The intermediates I defined are {71, 400, 20} and {180, 400, 20}.
The straight interpolations look like this:

Interesting how the first points of each master here are off-curve points…

That should be 128, shouldn’t it?

Argh, good catch. Post updated, thanks.

To go a little off topic (no idea on it after your fix), may I ask out of curiosity what do you do in upright about the points which are on the vertical extremes in italic? I believe the optimal compromise to make condensed+normal to go variable italic is to not add any extremes and just let it slant. There’s a slight chance you won’t need the extra layers in that case.

The vertical extreme points in the upright remain, but aren’t extremes. You’re right about leaving out the extremes; the forms look ok. I’m thinking more here about proper PS hinting for static and variable fonts.

Can you post the coordinates of all masters (including the uprights).

And I don’t really understand the problem (your abbreviations are a bit confusing).

Hi Georg,
I re-worded my posts above.
Would it be easier to send you a Glyphs file?

Pulling off those extra points without kinks seems like quite a lot of work, but then you don’t get PS hinting in variable fonts anyway, and for OTFs there’s CP filter that adds extremes on export. And after all, hinting is only useful if the font is intended for small sizes, which at that narrow width is probably not the case :slight_smile:

My goal is to manually hint the fonts, so adding extremes on export won’t work.
The regular widths can benefit from good instructions. And when it comes to viewing PDFs, all styles can benefit. :slightly_smiling_face:

You are planning to manually hint a font? An italic font?


Because in the vast majority of cases going through the hints manually gives me superior results to an app’s autohint. Italics, despite being used less often, deserve the same attention to rendering as uprights.
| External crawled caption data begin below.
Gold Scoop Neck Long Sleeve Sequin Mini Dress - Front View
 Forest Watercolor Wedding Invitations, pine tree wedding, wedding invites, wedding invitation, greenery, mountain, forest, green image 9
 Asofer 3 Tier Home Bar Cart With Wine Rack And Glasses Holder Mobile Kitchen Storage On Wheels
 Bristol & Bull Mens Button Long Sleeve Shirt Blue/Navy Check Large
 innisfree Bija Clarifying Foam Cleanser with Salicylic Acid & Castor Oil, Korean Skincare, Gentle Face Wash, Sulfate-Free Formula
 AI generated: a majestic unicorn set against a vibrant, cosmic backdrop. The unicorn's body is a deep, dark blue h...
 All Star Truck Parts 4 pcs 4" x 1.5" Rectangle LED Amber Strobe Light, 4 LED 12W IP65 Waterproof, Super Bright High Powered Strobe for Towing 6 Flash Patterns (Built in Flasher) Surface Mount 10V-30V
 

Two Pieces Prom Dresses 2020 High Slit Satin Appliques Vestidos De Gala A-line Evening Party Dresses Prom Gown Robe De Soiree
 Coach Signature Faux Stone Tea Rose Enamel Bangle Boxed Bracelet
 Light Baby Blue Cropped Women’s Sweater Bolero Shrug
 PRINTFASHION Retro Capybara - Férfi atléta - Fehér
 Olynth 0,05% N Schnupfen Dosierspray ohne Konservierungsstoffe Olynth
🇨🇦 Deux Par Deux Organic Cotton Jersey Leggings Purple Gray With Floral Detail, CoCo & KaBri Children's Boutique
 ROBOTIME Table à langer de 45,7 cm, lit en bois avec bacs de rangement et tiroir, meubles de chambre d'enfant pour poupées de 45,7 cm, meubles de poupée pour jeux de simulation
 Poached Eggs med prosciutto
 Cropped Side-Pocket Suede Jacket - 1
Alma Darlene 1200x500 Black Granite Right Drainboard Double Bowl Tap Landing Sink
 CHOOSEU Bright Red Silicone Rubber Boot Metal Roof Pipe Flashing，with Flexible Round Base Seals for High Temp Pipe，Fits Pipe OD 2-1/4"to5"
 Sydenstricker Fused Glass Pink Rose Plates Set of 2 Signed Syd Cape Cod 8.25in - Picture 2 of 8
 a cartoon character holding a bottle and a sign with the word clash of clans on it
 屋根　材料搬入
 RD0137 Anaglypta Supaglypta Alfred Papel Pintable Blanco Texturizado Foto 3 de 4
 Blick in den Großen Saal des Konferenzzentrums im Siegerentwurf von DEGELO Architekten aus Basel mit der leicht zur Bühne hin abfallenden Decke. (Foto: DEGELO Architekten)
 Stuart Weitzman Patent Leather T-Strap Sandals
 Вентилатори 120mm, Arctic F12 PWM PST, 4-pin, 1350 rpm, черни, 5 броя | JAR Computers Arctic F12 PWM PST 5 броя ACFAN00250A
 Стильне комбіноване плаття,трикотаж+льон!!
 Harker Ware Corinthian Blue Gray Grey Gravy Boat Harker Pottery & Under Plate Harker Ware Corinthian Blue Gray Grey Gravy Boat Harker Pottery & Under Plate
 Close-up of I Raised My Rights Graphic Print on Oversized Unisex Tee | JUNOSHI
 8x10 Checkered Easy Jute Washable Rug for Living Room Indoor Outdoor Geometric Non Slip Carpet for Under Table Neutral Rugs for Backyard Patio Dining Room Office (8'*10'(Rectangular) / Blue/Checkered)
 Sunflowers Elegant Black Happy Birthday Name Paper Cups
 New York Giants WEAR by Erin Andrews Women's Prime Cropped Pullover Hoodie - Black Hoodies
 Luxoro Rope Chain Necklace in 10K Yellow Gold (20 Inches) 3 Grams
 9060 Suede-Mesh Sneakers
Where are you experiencing issues with autohint? How much have you dug into tuning the ttfAutohint instructions?

I’m still not getting it. Can you send me that file (send it by email to support at this domain)?

Let’s say for now I want to make static otfs. Glyph’s autohint will occasionally over- or under-hint, so I’ll need to make corrections.

Will do, thanks.

Can you give some examples where you don’t like the autohinting?

Here are a few. L is manually hinted, R is autohinted.

Defined stems:

What I correct are the ghost hints on the serifs (all characters), the bad stem guesses (E and Y), and the double-hints (T and 5). Experience tells me these would otherwise render too dark.

If I add extremes on export and autohint, my corrections need to be done in the instances. Not only is that likely a lot of work, but re-exporting fonts puts that correction work in the trash.

I’d rather have in the Glyphs file points where I define them, and optimized hints based on those points.

I’ll look into this. Thanks for the examples (could you send those glyphs for testing?).

I would recommend to use less stems. The idea is to unify the width of stems ad if you add to manny, you will end up with different width.

And I wouldn’t hint the top and bottom of the vertical serifs.

But the most important, only do anything without testing in an environment that renders postscript hints.